One of my personal favorite posts was written when I started this blog. In it, I explained why I started this blog as well as the struggles I faced when I was first diagnosed with lupus (trip down memory lane for the post!) How’s that for a Throw Back Thursday?
As much as I claim to be an advocate, having lupus still contributes to 50% of my anxiety. I don’t want people to know, but I do want them to know, but I don’t want them to create an opinion, but I want them to understand the disease… It’s a sick cycle. And then there’s the other component, my “survivor’s guilt” as a person that doesn’t have it that bad. I understand the ludicrous nature of that statement, but at times I feel like a sham when I discuss lupus. Maybe I’m just not giving it the credit it deserves. When I’m tired I never attribute it to fatigue, I just figure it was a long week. When my hair falls out I say I am a high-shedding girl. When my body aches I believe it’s because I put in an extra mile at the gym. I refuse to admit that my lupus affects my day to day life and It isn’t until I literally can’t walk or I’m breaking out in rashes that I acknowledge my disease.
For the past ten years one of the biggest issues that I maintain with having a chronic illness is that it has the ability to make me feel like I have no control over my situation. The reality began to come to me this year- I do and I have. Since my diagnoses ten years ago I have made decisions that have impacted my health- and fortunately, for the better. I chose to change my eating habits. I chose to start practicing yoga. I chose to try to run. I chose to sign up for a half marathon. I choose to wear sunblock regularly. I choose to go to sleep when I’m tired. I choose to forfeit a night out for my health. And while these choices are not always the easiest, or my favorite, I choose to do them because this is my life, my health, and my future.
Well, today I took a big step in my life with lupus- not only am I going to present on lupus, but I also signed up for the New York City walk in May. I couldn’t be more thrilled and terrified to put myself out there. As I feel the adrenaline rushing through my veins, I’m proud to be part of the people that advocate for this illness, and I’m proud that I have people on my team- literally, and figuratively. We are the Lucky Thirteens. Four years ago we were a top fundraising team in NYC, here we go!
52 Miles per Month 
Cheers to you! Little do you know how inspiring you really are 🙂
YOU COULD MAKE ME CRY WITH THAT STATEMENT! STOP! But thank you 🙂
I’m going to refer a fellow blogger, a young woman who hasn’t had her diagnosis as long, to read your blog.

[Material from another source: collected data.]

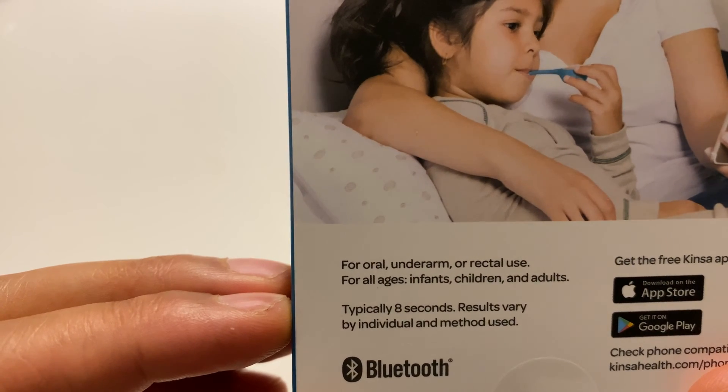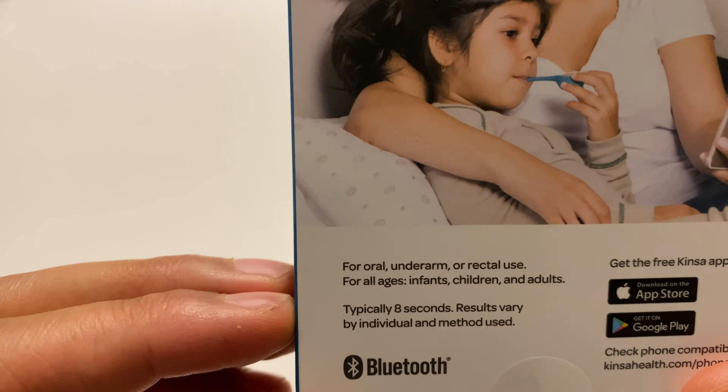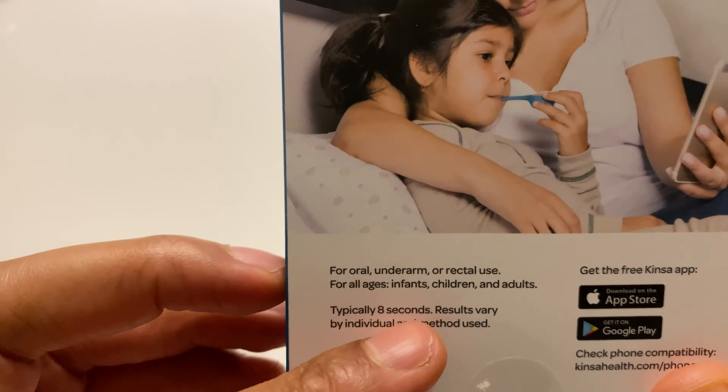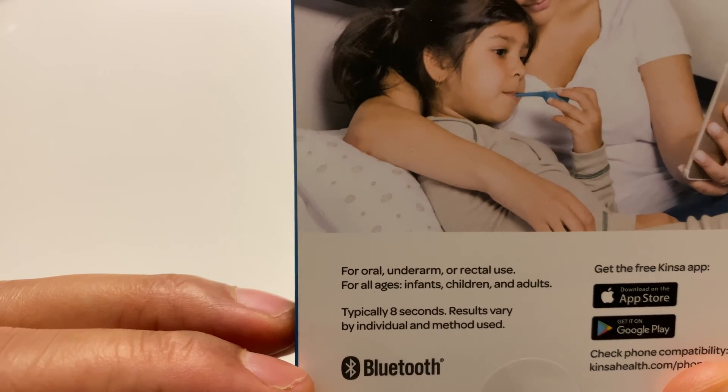You can use it oral, underarm, or rectal. It's for all ages — infants, children, and adults. Typically eight seconds, that's what it said on the front. It says results vary by individual and method used.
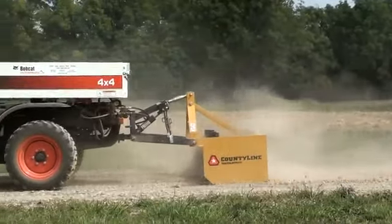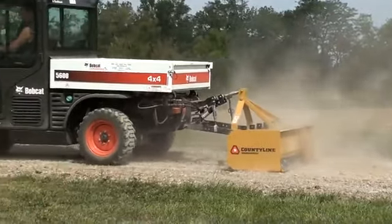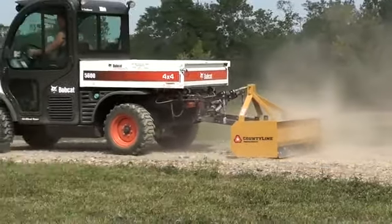This box blade is only one use the Farm Boy HD allows on the Tool Cat 5600. Being a standard Category 1 3-point hitch, the Farm Boy HD can lift any implement in this category.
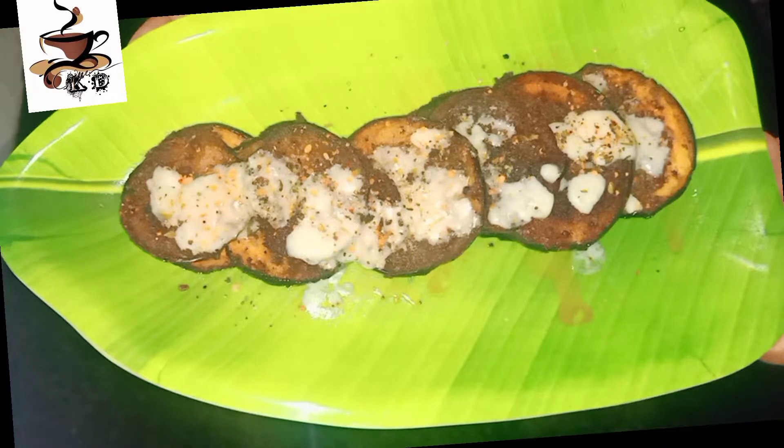Welcome to Kitty's Therba. I am going to show you a great recipe for the eggplant roast. If you like this video, subscribe to my channel and click the bell icon. Let's go to the video.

Thank you so much- that’s a humongous compliment! I love connecting with others with lupus. When I was first diagnosed and in the early years I had never felt more alone. If I had an outlet like this I think it would gave truly helped me.
this is fantastic and i’m proud of you, best of luck on the walk and i love your new attitude ) beth
Thank you Beth!
You’re such an inspiration and I’m so glad we’re blogger friends!!! ❤ ❤
me too girl! love your honesty and your positivity. Glad we connected. Also, love the what’s in a name post.
Well done you – so inspirational – lots of love from the UK!!
Cass, thanks so much- glad we connected!